Synopsis : Madame de La Pommeraye, jeune veuve retirée du monde, cède à la cour du marquis des Arcis, libertin notoire. Après quelques années d’un bonheur sans faille, elle découvre que le marquis s’est lassé de leur union. Follement amoureuse et terriblement blessée, elle décide de se venger de lui avec la complicité de Mademoiselle de Joncquières et de sa mère...

Acteurs : Cécile de France, Edouard Baer, Alice Isaaz, Natalia Dontcheva, Laure Calamy

Nous avons découvert ce film sans avoir lu quoi que ce soit auparavant, ni même vu la bande-annonce, sans pause autre que le trajet entre la vision presse précédente (Un peuple et son roi) ! Le générique nous apprend que l’intrigue est adaptée d’un roman de Diderot.

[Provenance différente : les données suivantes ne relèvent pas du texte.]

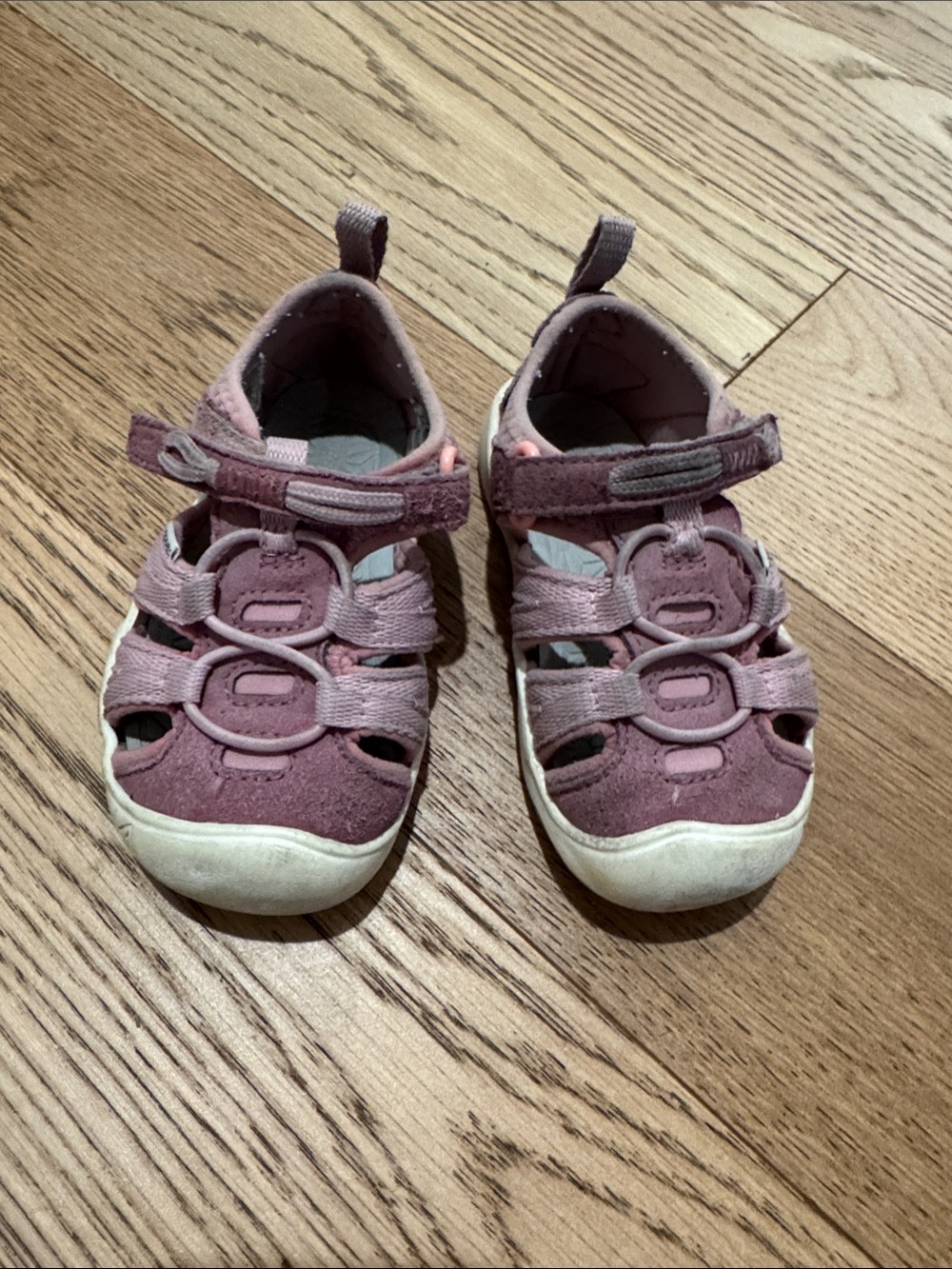 Keen Girls Mauve/Pink Closed-Toe Active Sandals - Toddler size 7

Nous serons donc plongé dans le XVIIIe siècle, comme le précédent... mais quelques dizaines d’années avant la Révolution.

Mademoiselle de Joncquières (le film !) est un plaisir pour les yeux, tout comme Mademoiselle de Joncquières (l’actrice Alice Isaaz qui lui donne corps à l’écran) ! C’est aussi non pas le charme discret de la bourgeoisie, mais le charme désuet et suranné d’une langue française que l’on ne parle plus aujourd’hui ! Les dialogues inscrivent donc bien le film dans son siècle (et non comme Sofia Coppola le fait avec sa très libre relecture de Marie-Antoinette en 2006 dans le même siècle !).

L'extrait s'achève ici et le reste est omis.